Restate each line below word for word, skipping every picture.

----

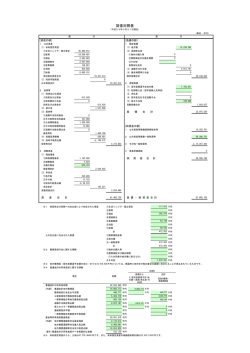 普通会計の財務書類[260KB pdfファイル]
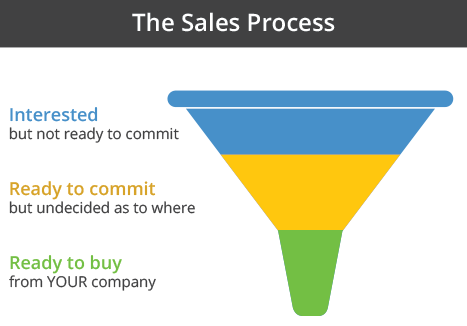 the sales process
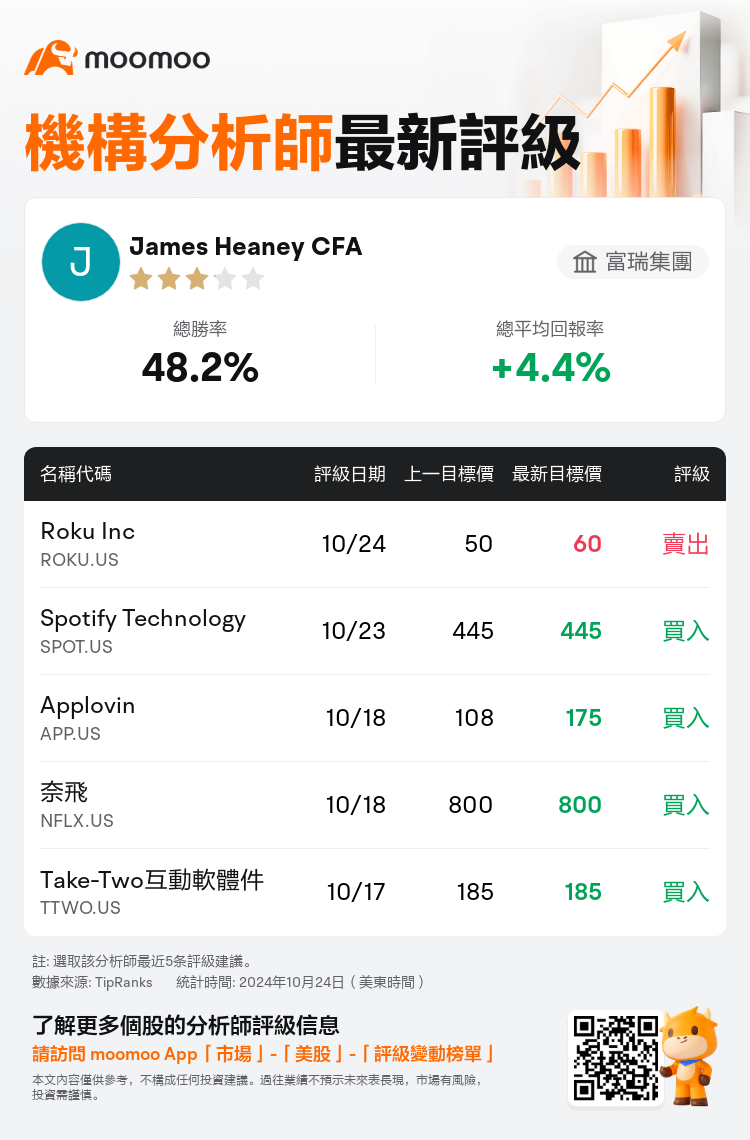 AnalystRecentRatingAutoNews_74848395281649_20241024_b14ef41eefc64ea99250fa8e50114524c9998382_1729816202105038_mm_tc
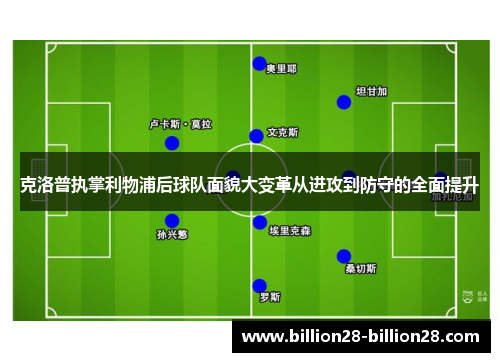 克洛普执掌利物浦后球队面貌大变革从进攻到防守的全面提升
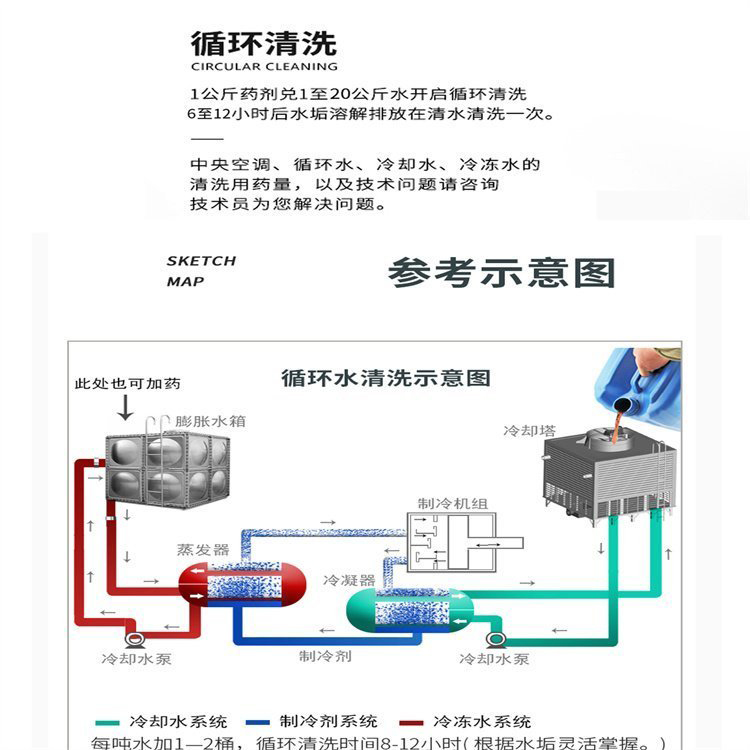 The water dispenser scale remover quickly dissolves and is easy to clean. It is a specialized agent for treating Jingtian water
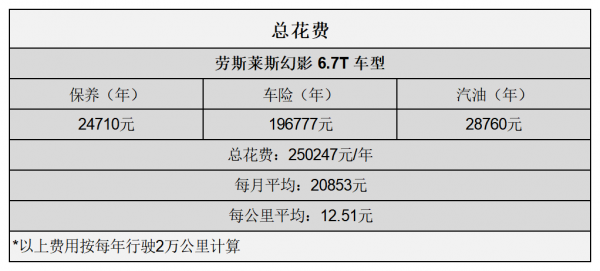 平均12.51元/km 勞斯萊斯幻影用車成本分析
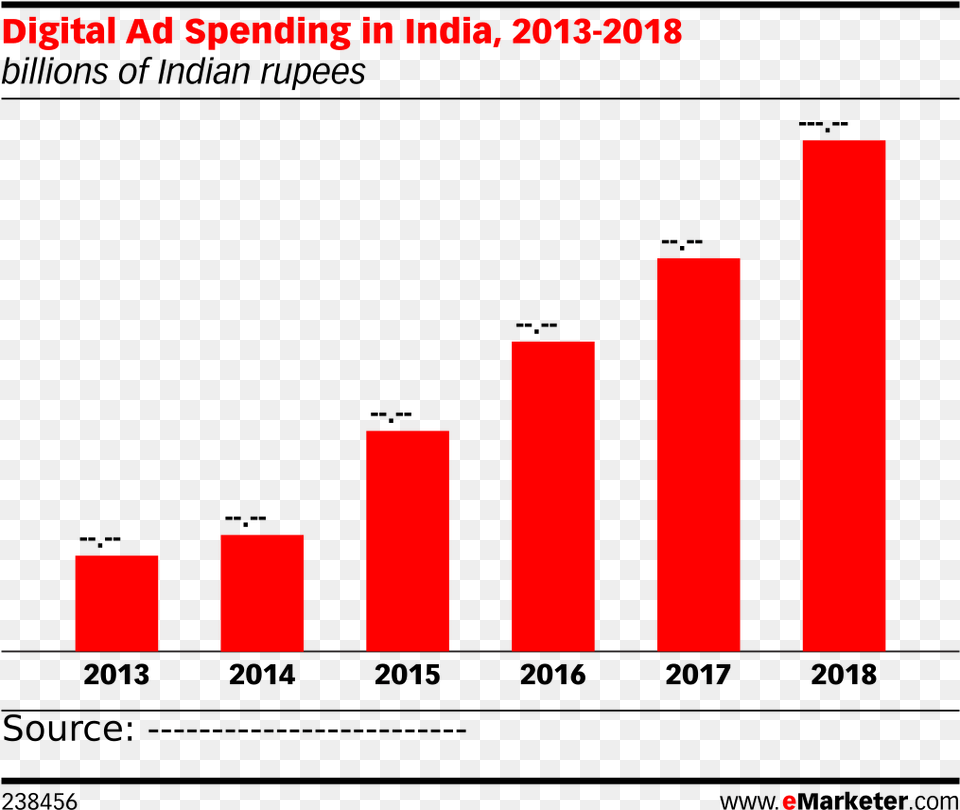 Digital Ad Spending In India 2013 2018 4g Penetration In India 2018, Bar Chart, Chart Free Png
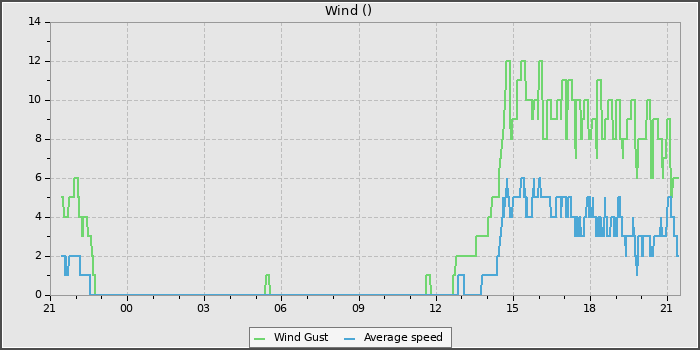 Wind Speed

----

Exercise answer:
 普通会計の財務書類[260KB pdfファイル]
 the sales process
 AnalystRecentRatingAutoNews_74848395281649_20241024_b14ef41eefc64ea99250fa8e50114524c9998382_1729816202105038_mm_tc
 克洛普执掌利物浦后球队面貌大变革从进攻到防守的全面提升
 The water dispenser scale remover quickly dissolves and is easy to clean. It is a specialized agent for treating Jingtian water
 平均12.51元/km 勞斯萊斯幻影用車成本分析
 Digital Ad Spending In India 2013 2018 4g Penetration In India 2018, Bar Chart, Chart Free Png
 Wind Speed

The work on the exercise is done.